Basically I need to replace those string if it’s inside {}.
It has two pattern here:
1. One item inside {}, for example {np}. I can simply use String.replace("{np}", “BARCODE”) here.
2. Two items inside {}, for example {do:SJ,inv:INV}. We can say key and value here. For this one, it will replace {do:SJ,inv:INV} to SJ if current state is “do” and it will be replaced to INV if current state is “inv”.
The same with {do:ST,inv:FGH}. It will replace to ST if current state is “do” and it will be replaced to FGH if current state is “inv”.

Thanks
Yudy

Qqwy · March 7, 2019, 3:50pm

I wonder: What is the reason behind doing this? I just want to ensure that you’re not falling into the XY-problem. There might be a much simpler solution to the general problem you’re having.

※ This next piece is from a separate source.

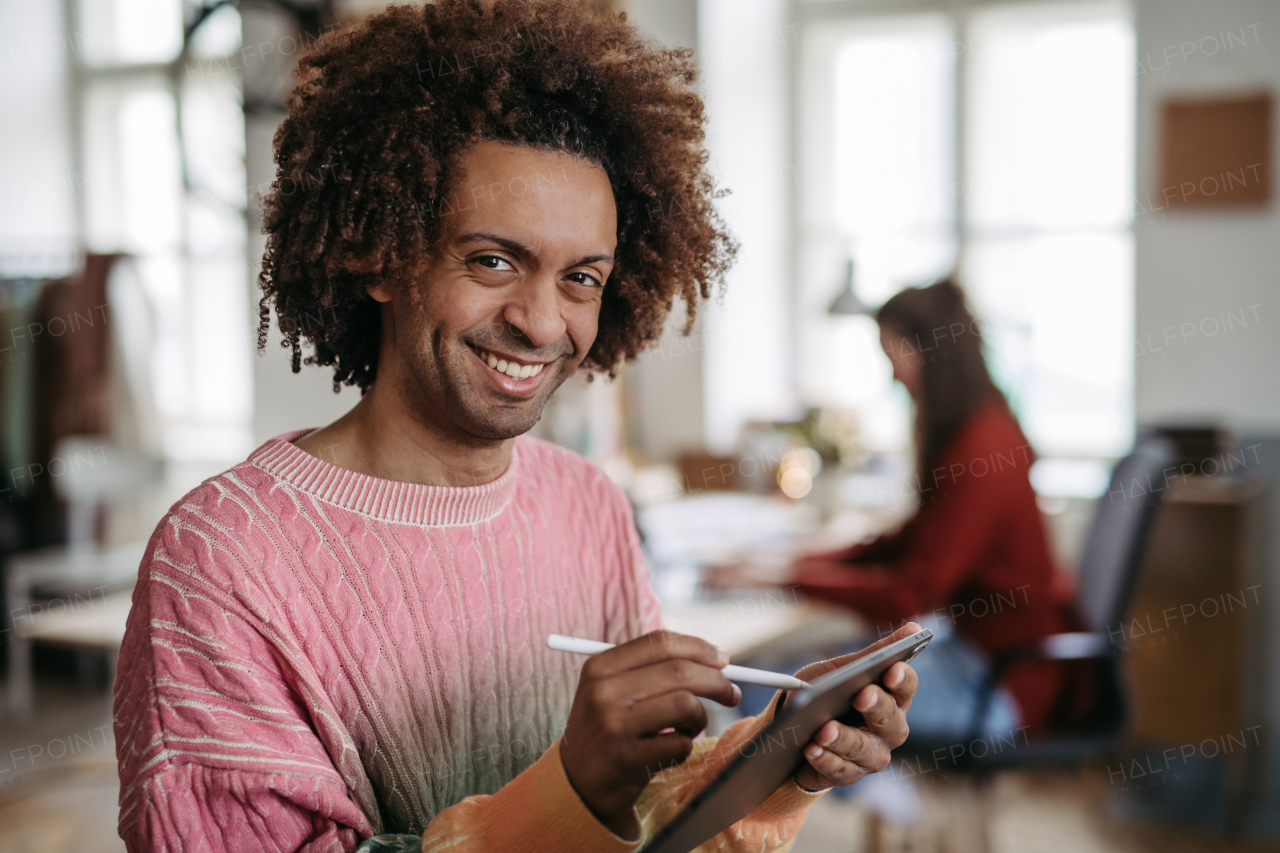 Portrait of young multiracial man drawing on a digital tablet.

As for the problem with these particular kinds of strings, I think you have two options:

Try to concoct some Regular-Expression-based solution. Probably very difficult and unreadable.
Write your own parser that works with this syntax. Probably more work, but maybe this is the only way to do it for all your inputs. (This depends on, for instance, if the syntax is always {do:...,inv:...} or if there are other inputs or orders possible as well).

yudy · March 7, 2019, 4:12pm

Oh, here is the case.
I have an input form to be used by customer. This input form actually is the numbering format. Instead I offer standard pattern, I would like to give more flexible way for user to create their own format.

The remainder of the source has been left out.